# Contributing: Quick Overview

Contributing to a package means participating in the development and improvement of the package by offering your knowledge, skills, and time. By contributing, you become part of the community surrounding the package and help shape its future. Some common ways to contribute to a Python package are code contributions, issue reporting, and writing documentation. So even if you are not comfortable writing code yourself, you can contribute by opening issues whenever you find bugs, or would like to see improvements. Contributing to a project means working together on that project. For version control coders often use GitHub. GitHub is an online platform for hosting and managing code repositories, enabling collaboration and version control for software development projects. In the remainder of this chapter we will look at how to use GitHub to contribute to DataBallpy, how to use Poetry as our dependency manager and how to get your added code released in new versions of DataBallPy.

## Types of Contributions

### Report Bugs

If you are reporting a bug, please include:

* Your operating system name and version.
* Any details about your local setup that might be helpful in troubleshooting.
* Detailed steps to reproduce the bug.

### Fix Bugs

Look through the GitHub issues for bugs. Anything tagged with "bug" and "help
wanted" is open to whoever wants to implement it.

### Implement Features

Look through the GitHub issues for features. Anything tagged with "enhancement"
and "help wanted" is open to whoever wants to implement it.

### Write Documentation

You can never have enough documentation! Please feel free to contribute to any
part of the documentation, such as the official docs, docstrings, or even
on the web in blog posts, articles, and such.

### Submit Feedback

If you are proposing a feature:

* Explain in detail how it would work.
* Keep the scope as narrow as possible, to make it easier to implement.
* Remember that this is a volunteer-driven project, and that contributions
  are welcome :)

## Get Started!

Ready to contribute? Here's how to set up `databallpy` for local development.
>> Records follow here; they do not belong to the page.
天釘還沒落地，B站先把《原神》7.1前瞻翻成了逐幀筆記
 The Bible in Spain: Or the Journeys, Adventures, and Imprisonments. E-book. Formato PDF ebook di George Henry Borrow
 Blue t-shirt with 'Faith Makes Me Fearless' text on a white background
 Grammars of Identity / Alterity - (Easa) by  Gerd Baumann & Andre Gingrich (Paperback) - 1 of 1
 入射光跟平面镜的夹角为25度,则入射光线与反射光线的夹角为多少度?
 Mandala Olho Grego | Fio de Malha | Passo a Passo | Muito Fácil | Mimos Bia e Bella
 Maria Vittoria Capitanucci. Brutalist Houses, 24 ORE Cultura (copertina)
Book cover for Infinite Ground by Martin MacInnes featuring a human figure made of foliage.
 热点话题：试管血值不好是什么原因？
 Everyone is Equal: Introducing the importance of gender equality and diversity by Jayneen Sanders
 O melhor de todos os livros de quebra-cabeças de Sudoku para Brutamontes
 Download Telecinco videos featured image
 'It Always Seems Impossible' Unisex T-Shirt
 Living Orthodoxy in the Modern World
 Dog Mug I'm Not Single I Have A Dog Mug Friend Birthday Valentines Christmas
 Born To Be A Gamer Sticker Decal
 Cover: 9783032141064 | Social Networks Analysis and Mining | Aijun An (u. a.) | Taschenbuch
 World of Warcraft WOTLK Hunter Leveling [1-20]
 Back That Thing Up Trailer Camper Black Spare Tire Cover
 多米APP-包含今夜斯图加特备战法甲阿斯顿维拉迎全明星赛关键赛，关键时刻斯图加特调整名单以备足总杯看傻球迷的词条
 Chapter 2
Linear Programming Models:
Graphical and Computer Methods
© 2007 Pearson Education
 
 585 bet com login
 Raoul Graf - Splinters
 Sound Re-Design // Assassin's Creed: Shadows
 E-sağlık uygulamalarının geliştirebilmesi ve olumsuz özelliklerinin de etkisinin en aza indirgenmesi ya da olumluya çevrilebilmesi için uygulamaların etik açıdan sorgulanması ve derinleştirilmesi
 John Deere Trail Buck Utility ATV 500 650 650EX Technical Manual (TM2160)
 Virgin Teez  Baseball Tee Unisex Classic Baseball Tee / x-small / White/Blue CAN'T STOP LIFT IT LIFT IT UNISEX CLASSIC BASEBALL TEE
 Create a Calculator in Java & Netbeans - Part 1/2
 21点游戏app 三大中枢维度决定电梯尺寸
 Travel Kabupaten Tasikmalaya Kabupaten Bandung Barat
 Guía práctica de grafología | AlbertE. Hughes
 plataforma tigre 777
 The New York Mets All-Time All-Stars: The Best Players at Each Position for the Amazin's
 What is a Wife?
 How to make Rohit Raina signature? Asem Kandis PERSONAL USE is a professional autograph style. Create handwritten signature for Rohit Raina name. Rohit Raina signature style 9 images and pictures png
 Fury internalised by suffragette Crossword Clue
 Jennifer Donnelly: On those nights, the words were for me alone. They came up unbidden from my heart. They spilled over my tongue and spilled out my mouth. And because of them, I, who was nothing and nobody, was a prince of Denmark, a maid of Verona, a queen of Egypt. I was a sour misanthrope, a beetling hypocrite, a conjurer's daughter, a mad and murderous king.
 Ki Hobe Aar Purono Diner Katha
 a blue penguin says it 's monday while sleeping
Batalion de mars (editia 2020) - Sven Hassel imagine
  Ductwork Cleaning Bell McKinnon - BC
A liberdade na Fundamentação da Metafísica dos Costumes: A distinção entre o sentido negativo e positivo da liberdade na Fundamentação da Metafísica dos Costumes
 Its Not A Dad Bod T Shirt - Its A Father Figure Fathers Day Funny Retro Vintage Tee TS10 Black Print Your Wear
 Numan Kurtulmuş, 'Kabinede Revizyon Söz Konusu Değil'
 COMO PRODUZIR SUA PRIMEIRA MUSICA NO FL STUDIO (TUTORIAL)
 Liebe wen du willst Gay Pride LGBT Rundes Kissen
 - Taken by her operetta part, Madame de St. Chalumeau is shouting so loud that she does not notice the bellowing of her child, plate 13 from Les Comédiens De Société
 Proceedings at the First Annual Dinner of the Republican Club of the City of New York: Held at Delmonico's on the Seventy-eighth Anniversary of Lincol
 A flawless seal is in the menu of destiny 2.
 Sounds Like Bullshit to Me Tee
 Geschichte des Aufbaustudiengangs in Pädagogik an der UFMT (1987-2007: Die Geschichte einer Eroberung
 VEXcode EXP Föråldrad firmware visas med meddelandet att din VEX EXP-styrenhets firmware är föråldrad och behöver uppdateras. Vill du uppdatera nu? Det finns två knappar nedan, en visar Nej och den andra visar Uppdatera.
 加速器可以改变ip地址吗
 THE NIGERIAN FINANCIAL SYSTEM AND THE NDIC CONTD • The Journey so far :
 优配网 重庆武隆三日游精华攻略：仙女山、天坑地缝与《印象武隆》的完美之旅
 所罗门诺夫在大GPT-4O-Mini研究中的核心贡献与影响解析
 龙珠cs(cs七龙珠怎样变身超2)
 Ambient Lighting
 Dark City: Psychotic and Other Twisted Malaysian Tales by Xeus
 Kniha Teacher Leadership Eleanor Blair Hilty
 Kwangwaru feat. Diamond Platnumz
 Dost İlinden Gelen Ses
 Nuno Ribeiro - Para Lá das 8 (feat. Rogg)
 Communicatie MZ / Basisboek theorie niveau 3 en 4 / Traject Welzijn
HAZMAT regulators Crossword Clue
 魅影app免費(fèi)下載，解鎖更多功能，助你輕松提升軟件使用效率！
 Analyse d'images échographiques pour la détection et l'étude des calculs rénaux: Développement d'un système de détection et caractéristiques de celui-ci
1. Install [poetry](https://python-poetry.org/) on your device. 
2. Create a fork of the `databallpy` repository on GitHub.
3. Download a the fork  of `databallpy` locally.
4. Install `databallpy` dependencies using `poetry` by running one of the following commands:

    ```console
    $ poetry install
    $ make deps # for Linux/macOs
    $ poetry install --with docs,developing # for Windows
    ```
5. Use `git` (or similar) to create a branch for local development and make your changes (Make sure to first checkout to the development branch before checking out to your local brach):

    ```console
    $ git checkout -b <issue number>-<type of issue>-<short description of issue>
    $ # example for issue 5, a new features that normalizes playing direction in tracking data
    $ git checkout development
    $ git checkout -b 5-feat-normalize_playing_direction_td
    ```

6. Make changes to the code. Make sure to only change and add code that is within the scope of your issue. If you find any bugs or inconsistency on the way, please open a new issue in the git repository. This will help in keeping pull requests clear.

7. When you're done making changes, check that your changes conform to any code formatting requirements and pass any tests.
      
8. Commit your changes and open a pull request.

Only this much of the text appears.